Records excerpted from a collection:
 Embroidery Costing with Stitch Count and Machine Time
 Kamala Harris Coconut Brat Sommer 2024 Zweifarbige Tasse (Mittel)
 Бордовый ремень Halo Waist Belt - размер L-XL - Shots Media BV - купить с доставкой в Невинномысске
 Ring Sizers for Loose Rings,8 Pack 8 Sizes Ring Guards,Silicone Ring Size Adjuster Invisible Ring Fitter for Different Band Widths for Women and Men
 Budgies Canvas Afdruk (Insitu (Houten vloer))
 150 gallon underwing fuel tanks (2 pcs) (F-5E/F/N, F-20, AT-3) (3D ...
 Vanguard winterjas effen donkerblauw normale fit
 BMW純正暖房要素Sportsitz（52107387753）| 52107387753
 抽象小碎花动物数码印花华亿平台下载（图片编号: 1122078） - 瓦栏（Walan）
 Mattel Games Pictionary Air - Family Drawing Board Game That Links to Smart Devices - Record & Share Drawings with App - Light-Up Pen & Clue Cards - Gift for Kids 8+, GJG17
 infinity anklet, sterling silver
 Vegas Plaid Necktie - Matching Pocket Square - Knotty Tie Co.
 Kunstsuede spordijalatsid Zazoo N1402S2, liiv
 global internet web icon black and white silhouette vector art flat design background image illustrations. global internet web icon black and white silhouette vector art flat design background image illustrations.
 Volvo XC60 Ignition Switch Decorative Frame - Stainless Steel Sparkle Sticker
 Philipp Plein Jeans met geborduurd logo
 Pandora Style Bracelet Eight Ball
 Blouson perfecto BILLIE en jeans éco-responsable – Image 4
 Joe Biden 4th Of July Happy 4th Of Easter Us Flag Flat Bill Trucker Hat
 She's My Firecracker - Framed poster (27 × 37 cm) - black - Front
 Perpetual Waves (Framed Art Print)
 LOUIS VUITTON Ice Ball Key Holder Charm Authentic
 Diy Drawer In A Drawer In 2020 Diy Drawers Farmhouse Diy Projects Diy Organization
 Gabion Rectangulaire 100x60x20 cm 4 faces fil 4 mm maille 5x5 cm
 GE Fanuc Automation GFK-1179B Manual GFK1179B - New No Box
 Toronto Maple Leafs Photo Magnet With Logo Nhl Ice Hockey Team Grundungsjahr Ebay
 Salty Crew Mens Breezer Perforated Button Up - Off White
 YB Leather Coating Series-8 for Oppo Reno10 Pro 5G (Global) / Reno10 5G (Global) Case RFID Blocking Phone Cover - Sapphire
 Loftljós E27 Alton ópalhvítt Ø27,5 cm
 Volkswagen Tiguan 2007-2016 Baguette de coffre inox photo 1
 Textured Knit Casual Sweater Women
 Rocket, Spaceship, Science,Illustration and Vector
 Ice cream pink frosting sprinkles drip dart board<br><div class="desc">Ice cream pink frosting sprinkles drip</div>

▶ WHAT THE TASK REQUIRES:
Copy range, inclusive: the line holding "Diy Drawer In" to the line holding "Rocket, Spaceship, Science,Illustration". Reproduce exactly those lines of the records above and no others.

▶ FINISHED TASK:
 Diy Drawer In A Drawer In 2020 Diy Drawers Farmhouse Diy Projects Diy Organization
 Gabion Rectangulaire 100x60x20 cm 4 faces fil 4 mm maille 5x5 cm
 GE Fanuc Automation GFK-1179B Manual GFK1179B - New No Box
 Toronto Maple Leafs Photo Magnet With Logo Nhl Ice Hockey Team Grundungsjahr Ebay
 Salty Crew Mens Breezer Perforated Button Up - Off White
 YB Leather Coating Series-8 for Oppo Reno10 Pro 5G (Global) / Reno10 5G (Global) Case RFID Blocking Phone Cover - Sapphire
 Loftljós E27 Alton ópalhvítt Ø27,5 cm
 Volkswagen Tiguan 2007-2016 Baguette de coffre inox photo 1
 Textured Knit Casual Sweater Women
 Rocket, Spaceship, Science,Illustration and Vector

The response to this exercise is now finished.